Bishop Philip Boyce of Raphoe, Bishop Martin Drennan of Galway and Bishop Donal McKeown of Derry met with Frs Brendan Hoban of Killala, Dermot Lane of Dublin, Gerry Alwill of Kilmore and Sean McDonagh of the Columban order on Wednesday.
Proposals such as the ordination of married men of good standing to the priesthood (viri probati), the ordination of women deacons, and the recall of men who left the priesthood to marry were set out as possible solutions to the ongoing crisis.
Early in 2013, the leadership of the ACP wrote to the Irish bishops requesting a meeting with them in order to discuss how to deal with the challenges faced by Irish Catholicism today.
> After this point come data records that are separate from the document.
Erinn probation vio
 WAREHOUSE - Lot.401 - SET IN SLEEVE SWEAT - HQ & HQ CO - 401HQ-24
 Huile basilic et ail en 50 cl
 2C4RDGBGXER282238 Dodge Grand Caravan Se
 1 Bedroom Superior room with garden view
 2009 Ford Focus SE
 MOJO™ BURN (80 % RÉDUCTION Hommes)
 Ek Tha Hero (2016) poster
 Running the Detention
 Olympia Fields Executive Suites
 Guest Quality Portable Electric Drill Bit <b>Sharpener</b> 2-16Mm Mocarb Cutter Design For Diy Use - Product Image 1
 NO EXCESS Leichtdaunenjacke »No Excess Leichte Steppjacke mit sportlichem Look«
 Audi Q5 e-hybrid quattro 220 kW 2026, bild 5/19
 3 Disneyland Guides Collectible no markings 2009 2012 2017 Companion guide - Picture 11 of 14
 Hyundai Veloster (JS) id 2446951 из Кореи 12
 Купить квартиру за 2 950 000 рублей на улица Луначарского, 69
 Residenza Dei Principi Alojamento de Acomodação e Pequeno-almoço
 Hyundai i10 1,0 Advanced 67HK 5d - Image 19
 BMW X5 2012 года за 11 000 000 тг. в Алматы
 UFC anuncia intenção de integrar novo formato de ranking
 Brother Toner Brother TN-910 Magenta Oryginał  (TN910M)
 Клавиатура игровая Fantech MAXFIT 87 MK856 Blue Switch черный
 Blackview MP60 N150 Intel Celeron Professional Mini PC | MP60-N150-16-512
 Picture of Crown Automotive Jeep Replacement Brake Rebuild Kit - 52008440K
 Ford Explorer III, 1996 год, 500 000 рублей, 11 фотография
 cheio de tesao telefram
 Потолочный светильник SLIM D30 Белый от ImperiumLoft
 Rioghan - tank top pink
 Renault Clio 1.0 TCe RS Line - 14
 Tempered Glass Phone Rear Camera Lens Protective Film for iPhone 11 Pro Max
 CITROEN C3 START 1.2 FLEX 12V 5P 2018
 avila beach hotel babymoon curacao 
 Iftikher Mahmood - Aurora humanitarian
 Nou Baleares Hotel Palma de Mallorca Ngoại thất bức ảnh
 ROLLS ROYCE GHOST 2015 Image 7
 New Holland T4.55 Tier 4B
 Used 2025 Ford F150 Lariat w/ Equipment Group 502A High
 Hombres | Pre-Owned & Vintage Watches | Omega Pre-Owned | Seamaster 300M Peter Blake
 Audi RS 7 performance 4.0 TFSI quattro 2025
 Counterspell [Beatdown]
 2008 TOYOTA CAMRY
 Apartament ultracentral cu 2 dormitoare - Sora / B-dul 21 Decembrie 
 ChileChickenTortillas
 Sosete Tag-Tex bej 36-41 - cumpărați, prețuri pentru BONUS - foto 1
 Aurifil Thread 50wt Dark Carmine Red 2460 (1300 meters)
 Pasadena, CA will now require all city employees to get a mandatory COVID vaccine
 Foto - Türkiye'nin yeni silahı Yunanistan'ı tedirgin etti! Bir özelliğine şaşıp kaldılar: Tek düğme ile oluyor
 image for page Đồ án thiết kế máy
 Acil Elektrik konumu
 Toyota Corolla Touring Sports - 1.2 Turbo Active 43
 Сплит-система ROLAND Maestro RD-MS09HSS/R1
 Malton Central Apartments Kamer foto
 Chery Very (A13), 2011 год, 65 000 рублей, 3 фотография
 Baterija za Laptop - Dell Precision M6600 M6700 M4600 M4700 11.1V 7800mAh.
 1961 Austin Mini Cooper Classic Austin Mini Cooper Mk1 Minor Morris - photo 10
According to the ACP, that request was turned down, but the bishops suggested that the ACP might meet the priests’ council in each diocese.
About 16 dioceses invited representatives from the ACP to attend such gatherings.
Having completed this process of engagement with the priests’ councils, the ACP asked the bishops again for a meeting to consider a range of issues which had arisen during the discussions with the priests’ council.
In Wednesday’s meeting, the ACP representatives told the three bishops that the strategy of clustering “is causing real concern among priests”.
“Many priests see it as an attempt to load more work on their shoulders at a time when they are getting older and are less able to cope with an extra load,” the ACP representatives said.
At the meeting, Fr Dermot Lane asked if the people who were designing these clusters were aware that the extra pressure which was being imposed on priests was having a negative impact on their health.
The priests also underlined that, from the point of view of sacramental theology, in a ‘clustering situation’, the priest leading the liturgy would have no real contact with the community where he was celebrating the Eucharist.
“In this context it is hard to see how this pastoral practice can build up the body of Christ in that community,” they stated.
Some of the ACP team claimed that, at its best, clustering is only a short-term solution for a more serious problem evidenced by the fall in number of vocations to the priesthood.
The exchange acknowledged that the situation in the Irish Church will become critical within a decade or two, however, opinions varied as to what might be done.
Bishop Boyce felt that there should be more prayers for vocations and that priests should be ready to recommend the priesthood to young boys.
Fr Brendan Hoban pointed out that there has been a priest in his present parish since the 8th century, but that given the present statistics, he believes he will be that last priest in that parish.
He explained that while at the moment there is a priest in every parish in Killala diocese, within 20 years there will be 7 priests serving 22 parishes spread out over a wide area.
Three ACP proposals were put forward and the bishops were asked to bring them to the Bishops’ Conference with a view to forwarding them to Rome.
The three proposals are ordaining suitable married men (viri probati); inviting priests who left the active ministry to get married to return to ministry at some level. (It was pointed out that in a west of Ireland parish there were 7 former priests, some of whom would be willing to help); the ordination of women to the Diaconate.
The ACP members said solutions to the current crisis could not be accomplished on a male only basis.
During the meeting, the ACP also drew the bishops’ attention to the findings of a new survey which polled Irish priests on the new translation of the missal, which was introduced by Rome in 2012.
Over 60 percent of priests said they were either dissatisfied or very dissatisfied with the missal. Over 80 percent want it revised or replaced. The use of “obscure and sexist language” was “heavily criticised”.
The ACP also told the representatives of the Irish hierarchy that its members were “very unhappy” with the way the Vatican’s watchdog on orthodoxy, the Congregation for the Doctrine of the Faith (CDF), had treated a number of priests in Ireland. These include Fr Tony Flannery and Fr Sean Fagan.